→ Directions for this task
The answer must consist only of the lines from the line with "2020 Ssang Yong" to the line with "Dikabarkan Bakal Bergabung, Eddy", both included, exactly as they stand below.

::: Records for the exercise :::

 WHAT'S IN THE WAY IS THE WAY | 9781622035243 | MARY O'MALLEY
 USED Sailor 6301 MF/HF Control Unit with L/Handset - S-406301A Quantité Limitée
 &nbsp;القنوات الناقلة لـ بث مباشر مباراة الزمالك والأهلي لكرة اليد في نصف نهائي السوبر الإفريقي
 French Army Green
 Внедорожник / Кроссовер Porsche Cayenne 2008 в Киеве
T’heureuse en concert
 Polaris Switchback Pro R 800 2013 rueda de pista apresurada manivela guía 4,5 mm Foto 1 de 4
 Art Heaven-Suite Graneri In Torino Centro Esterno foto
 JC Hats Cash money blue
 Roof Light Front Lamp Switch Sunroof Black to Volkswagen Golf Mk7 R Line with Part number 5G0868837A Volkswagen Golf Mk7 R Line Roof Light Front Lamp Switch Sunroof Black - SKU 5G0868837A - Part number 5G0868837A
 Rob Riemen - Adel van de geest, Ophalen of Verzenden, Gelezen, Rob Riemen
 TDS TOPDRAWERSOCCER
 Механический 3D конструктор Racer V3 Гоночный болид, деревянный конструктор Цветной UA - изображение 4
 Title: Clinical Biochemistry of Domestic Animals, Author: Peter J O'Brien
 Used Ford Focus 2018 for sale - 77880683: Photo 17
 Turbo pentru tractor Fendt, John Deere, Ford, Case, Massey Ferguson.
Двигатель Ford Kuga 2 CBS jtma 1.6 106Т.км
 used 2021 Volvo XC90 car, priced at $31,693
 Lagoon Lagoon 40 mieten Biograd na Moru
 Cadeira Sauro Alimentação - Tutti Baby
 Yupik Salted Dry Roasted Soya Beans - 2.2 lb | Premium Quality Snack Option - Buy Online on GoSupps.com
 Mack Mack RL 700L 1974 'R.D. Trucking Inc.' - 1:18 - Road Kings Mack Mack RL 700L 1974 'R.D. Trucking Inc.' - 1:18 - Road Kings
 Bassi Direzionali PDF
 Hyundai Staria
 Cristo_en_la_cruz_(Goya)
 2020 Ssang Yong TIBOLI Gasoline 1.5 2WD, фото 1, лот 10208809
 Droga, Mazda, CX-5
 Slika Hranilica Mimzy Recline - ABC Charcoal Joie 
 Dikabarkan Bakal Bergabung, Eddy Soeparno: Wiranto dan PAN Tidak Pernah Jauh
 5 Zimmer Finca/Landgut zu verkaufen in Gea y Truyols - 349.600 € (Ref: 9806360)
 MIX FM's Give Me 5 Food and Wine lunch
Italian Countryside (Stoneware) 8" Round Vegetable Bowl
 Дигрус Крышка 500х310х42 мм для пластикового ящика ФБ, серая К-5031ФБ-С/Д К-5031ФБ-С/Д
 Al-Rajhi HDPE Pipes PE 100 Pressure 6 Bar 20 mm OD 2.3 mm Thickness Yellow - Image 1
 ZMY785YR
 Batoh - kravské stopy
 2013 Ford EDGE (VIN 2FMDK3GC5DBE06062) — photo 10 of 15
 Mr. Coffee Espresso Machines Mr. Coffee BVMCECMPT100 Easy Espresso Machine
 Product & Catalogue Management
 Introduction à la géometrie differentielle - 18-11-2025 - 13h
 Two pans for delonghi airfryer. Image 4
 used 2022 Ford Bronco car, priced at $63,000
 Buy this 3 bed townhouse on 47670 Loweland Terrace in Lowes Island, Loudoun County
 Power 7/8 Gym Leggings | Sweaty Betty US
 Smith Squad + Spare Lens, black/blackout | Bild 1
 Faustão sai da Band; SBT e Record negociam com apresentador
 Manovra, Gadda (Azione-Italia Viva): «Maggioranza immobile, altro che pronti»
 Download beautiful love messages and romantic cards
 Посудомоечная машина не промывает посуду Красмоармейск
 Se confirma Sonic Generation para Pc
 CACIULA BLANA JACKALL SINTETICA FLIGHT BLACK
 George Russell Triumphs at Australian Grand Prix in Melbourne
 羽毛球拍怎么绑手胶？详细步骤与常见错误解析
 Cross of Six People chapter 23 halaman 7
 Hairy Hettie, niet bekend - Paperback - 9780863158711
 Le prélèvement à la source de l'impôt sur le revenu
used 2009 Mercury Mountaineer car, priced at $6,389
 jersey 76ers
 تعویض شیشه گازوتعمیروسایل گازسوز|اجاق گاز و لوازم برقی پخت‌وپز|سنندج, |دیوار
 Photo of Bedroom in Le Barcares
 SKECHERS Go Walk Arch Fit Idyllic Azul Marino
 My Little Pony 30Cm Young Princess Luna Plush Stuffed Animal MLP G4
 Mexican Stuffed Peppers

:::

→ Task result
 2020 Ssang Yong TIBOLI Gasoline 1.5 2WD, фото 1, лот 10208809
 Droga, Mazda, CX-5
 Slika Hranilica Mimzy Recline - ABC Charcoal Joie 
 Dikabarkan Bakal Bergabung, Eddy Soeparno: Wiranto dan PAN Tidak Pernah Jauh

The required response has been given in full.